An important goal for a server application is the ability to handle multiple clients at the same time. The most common way to implement a server that has this capability is to make the server multithreaded. By taking advantage of threads and their ability to do more than one thing at the same time we can dramatically improve the power of our server application.
In these note I will walk you through the steps needed to turn our simple web server into a multithreaded server application.
There are several libraries available on Linux to implement threads. The simplest and most widely used of these is the POSIX threads, or pthread, library.
To use POSIX threads in a program we start by including the appropriate header file:
#include <pthread.h>
In addition to including this header file we also need to use the -pthread option in the command line that compiles the code for the application.
The only function we will need to use to implement threads in our application is the pthread_create() function, which starts a new thread running.
Here is a snippet of code that illustrates how this function works:
pthread_t thread; pthread_create(&thread,NULL,serveRequest,&new_socket);
The thread variable is a thread identifier. If we need to interact with the thread after starting it, we will use the thread variable to access the thread.
The third parameter in pthread_create() is a pointer to the thread function. The thread function is a function that takes a single parameter, a generic void* pointer, and returns a void* pointer as its result. When we launch the thread the code in the thread function will start running. When we reach the end of the code in that thread function the thread stops running.
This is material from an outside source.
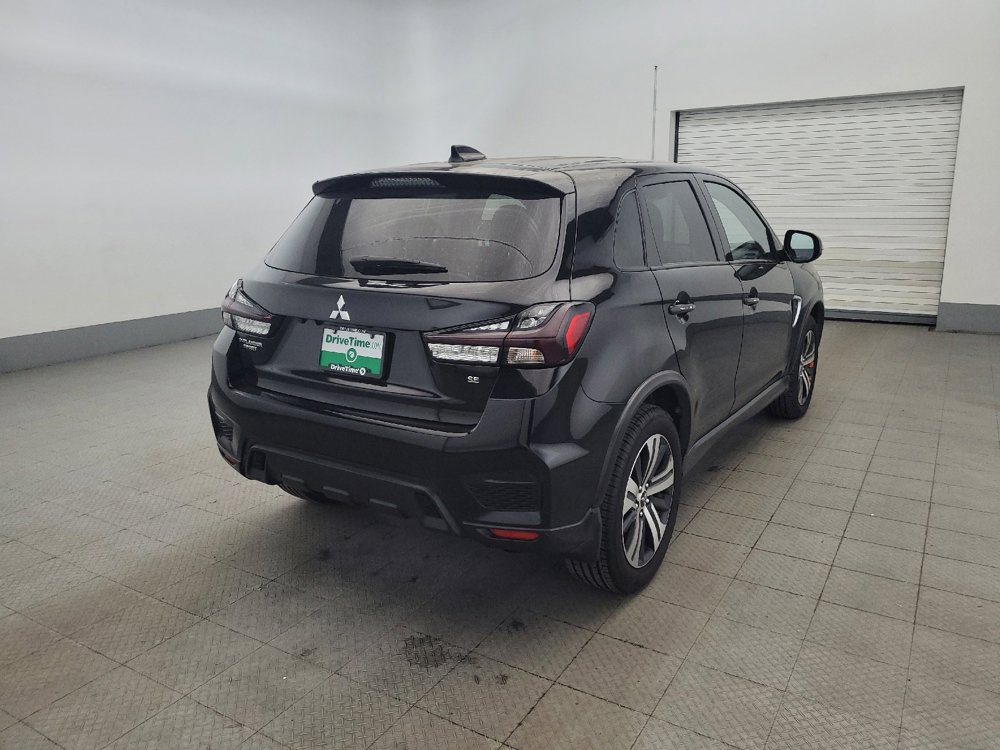 Used 2022 Mitsubishi Outlander Sport SE image 9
The fourth parameter in pthread_create() is a pointer to the data we want to pass to the thread function.
In the threaded version of the miniweb server I will be using a common pattern for setting up the server. This pattern is the thread per connection pattern.
Servers typically feature an infinite loop that accepts new client connections. In this version of the server application we will launch a new thread each time we accept a connection:
while(1) {
struct sockaddr_in client;
int new_socket , c = sizeof(struct sockaddr_in);
new_socket = accept(server_socket, (struct sockaddr *) &client, (socklen_t*)&c);
if(new_socket != -1) {
pthread_t thread;
pthread_create(&thread,NULL,serveRequest,&new_socket);
}
}
I have also modified the serveRequest() function from its original form to make the serveRequest() function work as a thread function.
The original serveRequest() function took the form
void serveRequest(int fd) {
// fd is a file descriptor for the socket we use to communicate
// with the client. Read the request from fd and send the
// response back via fd.
}
The new form of this function is
void* serveRequest(void* pfd) {
int fd = *((int*) pfd);
// Do the same as before with fd
return NULL;
}
Instead of being passed a file descriptor to work with we will instead receive a generic void* pointer that points to the int where the file descriptor is stored. To get the file descriptor we have to type cast the generic pointer to the correct pointer type, dereference that pointer, and then copy the data to a local variable for our use.